The objective of this paper is to analyze through the finite element method (FEM) and the motion analysis the dynamical behavior of the bushing adjustment mechanism of Kaplan turbines. The motion generated by the servomotor is transmitted from the fork head through the connecting rod to the pin lever – trunnion – blade subassembly. This subassembly of the Kaplan turbine is supported on the hub by two bushings: an outer bush and an inner bush. Analysis of the Kaplan turbine’s bushing was made in order to determine the stresses distribution, the displacements, the deformations and the factor of safety distribution. A three-dimensional model of the Kaplan turbine runner was generated based on the designed data. Finite element analysis and motion analysis was performed using SolidWorks package.
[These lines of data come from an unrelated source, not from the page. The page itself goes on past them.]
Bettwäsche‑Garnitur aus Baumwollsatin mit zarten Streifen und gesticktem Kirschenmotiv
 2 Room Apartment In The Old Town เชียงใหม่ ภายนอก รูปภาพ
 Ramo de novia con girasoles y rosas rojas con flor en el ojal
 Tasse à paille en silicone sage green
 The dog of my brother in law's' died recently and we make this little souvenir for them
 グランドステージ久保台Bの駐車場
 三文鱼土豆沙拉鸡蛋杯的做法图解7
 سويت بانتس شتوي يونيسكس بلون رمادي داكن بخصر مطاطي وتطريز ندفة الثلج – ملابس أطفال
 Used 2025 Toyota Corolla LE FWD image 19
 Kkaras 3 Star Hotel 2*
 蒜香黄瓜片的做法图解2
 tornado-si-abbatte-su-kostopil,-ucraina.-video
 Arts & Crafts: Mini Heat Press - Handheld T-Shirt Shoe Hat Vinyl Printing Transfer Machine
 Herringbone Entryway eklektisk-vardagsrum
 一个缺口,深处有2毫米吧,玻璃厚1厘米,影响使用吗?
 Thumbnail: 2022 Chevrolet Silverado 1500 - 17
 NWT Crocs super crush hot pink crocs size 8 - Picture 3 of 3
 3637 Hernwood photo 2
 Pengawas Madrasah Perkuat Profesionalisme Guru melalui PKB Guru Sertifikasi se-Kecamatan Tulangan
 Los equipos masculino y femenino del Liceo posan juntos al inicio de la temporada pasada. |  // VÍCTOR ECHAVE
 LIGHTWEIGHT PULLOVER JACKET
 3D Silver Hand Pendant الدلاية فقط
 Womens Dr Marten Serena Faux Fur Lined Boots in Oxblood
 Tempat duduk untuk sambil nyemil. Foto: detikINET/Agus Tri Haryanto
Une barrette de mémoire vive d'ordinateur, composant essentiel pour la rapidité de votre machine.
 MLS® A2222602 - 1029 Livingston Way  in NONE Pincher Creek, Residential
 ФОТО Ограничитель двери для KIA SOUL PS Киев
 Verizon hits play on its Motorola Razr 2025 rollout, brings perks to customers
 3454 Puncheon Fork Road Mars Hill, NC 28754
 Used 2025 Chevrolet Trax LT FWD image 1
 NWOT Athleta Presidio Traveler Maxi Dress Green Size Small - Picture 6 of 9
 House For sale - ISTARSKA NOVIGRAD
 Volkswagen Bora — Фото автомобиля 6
Performing numerical calculations, the entire loading process history, the deformed geometry, the nodal velocity and the distribution of stresses, displacements and deformations are obtained. Results predicted by the finite element method show that this method is efficient and accurate and in good agreement with the theoretical and experimental values. Results from the current analysis can be used for further studies in design of the Kaplan turbine runners as part of a continuous product development process.